(Records drawn from a dataset)
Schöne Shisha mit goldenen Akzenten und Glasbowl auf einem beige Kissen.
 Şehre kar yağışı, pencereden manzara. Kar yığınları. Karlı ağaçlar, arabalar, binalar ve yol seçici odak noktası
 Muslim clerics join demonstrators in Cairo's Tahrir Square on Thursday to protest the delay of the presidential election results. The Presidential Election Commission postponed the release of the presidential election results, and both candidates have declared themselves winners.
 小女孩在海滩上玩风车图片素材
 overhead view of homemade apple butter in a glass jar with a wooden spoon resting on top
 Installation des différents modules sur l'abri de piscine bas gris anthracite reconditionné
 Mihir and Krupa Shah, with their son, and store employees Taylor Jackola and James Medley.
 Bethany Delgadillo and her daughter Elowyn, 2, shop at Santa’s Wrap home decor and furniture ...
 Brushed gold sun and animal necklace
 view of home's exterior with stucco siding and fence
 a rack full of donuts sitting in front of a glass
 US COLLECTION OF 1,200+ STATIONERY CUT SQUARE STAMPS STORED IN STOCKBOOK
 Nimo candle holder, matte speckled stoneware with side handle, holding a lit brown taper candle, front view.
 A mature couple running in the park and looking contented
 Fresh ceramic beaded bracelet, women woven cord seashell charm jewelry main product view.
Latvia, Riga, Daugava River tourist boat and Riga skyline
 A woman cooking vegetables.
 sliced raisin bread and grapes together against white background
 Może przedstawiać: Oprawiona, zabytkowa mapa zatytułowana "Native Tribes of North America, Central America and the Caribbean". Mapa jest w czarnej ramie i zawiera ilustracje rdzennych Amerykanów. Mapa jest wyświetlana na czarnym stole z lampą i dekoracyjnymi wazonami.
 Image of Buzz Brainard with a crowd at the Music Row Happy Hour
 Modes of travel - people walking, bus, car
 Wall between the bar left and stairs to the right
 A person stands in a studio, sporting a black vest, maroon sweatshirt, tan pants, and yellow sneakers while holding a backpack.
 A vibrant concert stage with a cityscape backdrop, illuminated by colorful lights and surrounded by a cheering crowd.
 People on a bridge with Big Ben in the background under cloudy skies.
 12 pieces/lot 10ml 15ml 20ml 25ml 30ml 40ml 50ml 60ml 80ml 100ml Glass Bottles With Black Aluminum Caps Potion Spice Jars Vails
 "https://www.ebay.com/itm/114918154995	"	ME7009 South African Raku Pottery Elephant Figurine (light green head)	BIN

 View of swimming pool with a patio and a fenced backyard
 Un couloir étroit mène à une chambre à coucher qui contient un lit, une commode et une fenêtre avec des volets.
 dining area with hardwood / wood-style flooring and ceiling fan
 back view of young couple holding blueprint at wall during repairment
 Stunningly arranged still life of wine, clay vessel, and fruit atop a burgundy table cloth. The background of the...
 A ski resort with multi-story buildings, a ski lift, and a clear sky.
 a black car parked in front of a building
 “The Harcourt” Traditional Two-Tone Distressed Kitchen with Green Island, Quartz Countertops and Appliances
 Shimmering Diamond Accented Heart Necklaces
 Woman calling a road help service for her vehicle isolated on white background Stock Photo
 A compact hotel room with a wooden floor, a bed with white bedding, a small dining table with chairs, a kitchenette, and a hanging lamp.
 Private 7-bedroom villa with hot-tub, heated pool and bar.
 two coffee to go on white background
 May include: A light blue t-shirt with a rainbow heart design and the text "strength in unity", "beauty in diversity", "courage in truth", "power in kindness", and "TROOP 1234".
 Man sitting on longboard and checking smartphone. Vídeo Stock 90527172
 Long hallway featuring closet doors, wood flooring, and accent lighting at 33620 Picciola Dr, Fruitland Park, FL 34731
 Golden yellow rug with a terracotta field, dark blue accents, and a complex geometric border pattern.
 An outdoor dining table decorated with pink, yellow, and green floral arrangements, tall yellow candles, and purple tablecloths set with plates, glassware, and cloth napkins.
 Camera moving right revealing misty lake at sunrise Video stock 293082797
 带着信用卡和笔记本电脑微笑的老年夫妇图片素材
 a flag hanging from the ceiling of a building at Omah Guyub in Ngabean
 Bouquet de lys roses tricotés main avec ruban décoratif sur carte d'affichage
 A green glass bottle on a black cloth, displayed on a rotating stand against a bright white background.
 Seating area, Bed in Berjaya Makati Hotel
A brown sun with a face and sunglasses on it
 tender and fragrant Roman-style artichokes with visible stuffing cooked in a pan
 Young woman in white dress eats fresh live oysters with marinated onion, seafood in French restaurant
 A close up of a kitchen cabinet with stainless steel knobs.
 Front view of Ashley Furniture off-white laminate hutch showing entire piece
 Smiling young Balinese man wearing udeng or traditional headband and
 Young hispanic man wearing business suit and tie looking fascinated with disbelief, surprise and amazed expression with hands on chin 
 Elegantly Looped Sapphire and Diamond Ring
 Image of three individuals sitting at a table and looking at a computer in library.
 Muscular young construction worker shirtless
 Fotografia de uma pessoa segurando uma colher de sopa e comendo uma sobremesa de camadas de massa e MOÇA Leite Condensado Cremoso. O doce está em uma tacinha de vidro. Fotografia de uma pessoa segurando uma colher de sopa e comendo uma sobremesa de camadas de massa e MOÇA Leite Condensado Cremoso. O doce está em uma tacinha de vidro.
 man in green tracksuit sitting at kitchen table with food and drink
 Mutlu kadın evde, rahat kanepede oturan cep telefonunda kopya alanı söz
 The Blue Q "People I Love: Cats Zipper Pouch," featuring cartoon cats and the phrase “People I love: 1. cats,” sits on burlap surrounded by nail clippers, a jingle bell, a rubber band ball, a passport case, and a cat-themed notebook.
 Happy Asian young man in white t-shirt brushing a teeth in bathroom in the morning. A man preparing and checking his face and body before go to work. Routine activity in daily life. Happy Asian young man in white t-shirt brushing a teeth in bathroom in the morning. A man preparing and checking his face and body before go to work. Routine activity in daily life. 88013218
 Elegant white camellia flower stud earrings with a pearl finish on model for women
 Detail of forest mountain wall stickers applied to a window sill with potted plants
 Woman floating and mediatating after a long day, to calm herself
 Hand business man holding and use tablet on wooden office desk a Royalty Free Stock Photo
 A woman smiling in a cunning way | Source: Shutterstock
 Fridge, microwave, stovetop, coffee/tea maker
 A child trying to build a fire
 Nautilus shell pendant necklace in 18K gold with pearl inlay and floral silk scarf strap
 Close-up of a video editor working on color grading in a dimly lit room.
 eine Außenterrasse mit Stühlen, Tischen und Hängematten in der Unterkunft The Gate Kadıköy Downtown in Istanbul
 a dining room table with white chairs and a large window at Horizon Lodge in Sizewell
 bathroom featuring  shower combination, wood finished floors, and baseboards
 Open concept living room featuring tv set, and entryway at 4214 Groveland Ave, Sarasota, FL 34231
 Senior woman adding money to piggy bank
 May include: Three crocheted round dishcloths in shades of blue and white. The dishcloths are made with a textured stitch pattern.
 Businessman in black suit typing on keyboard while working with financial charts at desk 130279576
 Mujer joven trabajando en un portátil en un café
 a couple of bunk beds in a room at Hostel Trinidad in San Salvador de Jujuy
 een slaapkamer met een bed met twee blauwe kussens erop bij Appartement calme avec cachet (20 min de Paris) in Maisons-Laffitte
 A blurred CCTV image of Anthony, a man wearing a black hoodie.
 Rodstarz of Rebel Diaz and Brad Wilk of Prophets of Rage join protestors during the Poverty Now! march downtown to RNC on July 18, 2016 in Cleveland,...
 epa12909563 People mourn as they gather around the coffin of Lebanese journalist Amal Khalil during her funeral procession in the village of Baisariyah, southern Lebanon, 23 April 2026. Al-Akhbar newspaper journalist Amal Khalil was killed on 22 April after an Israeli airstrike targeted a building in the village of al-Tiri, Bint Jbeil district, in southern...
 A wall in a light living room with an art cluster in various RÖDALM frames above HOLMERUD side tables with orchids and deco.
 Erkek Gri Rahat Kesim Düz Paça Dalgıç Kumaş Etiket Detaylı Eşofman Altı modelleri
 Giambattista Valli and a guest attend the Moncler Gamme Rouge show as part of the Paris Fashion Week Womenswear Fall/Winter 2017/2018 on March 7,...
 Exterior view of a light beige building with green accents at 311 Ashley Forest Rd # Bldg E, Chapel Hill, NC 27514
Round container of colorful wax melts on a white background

TASK DESCRIPTION: Would you please repeat exactly the lines above, starting at the line with "back view of" and stopping at the line with "a flag hanging", both included?

OUTPUT OF THE EXERCISE:
 back view of young couple holding blueprint at wall during repairment
 Stunningly arranged still life of wine, clay vessel, and fruit atop a burgundy table cloth. The background of the...
 A ski resort with multi-story buildings, a ski lift, and a clear sky.
 a black car parked in front of a building
 “The Harcourt” Traditional Two-Tone Distressed Kitchen with Green Island, Quartz Countertops and Appliances
 Shimmering Diamond Accented Heart Necklaces
 Woman calling a road help service for her vehicle isolated on white background Stock Photo
 A compact hotel room with a wooden floor, a bed with white bedding, a small dining table with chairs, a kitchenette, and a hanging lamp.
 Private 7-bedroom villa with hot-tub, heated pool and bar.
 two coffee to go on white background
 May include: A light blue t-shirt with a rainbow heart design and the text "strength in unity", "beauty in diversity", "courage in truth", "power in kindness", and "TROOP 1234".
 Man sitting on longboard and checking smartphone. Vídeo Stock 90527172
 Long hallway featuring closet doors, wood flooring, and accent lighting at 33620 Picciola Dr, Fruitland Park, FL 34731
 Golden yellow rug with a terracotta field, dark blue accents, and a complex geometric border pattern.
 An outdoor dining table decorated with pink, yellow, and green floral arrangements, tall yellow candles, and purple tablecloths set with plates, glassware, and cloth napkins.
 Camera moving right revealing misty lake at sunrise Video stock 293082797
 带着信用卡和笔记本电脑微笑的老年夫妇图片素材
 a flag hanging from the ceiling of a building at Omah Guyub in Ngabean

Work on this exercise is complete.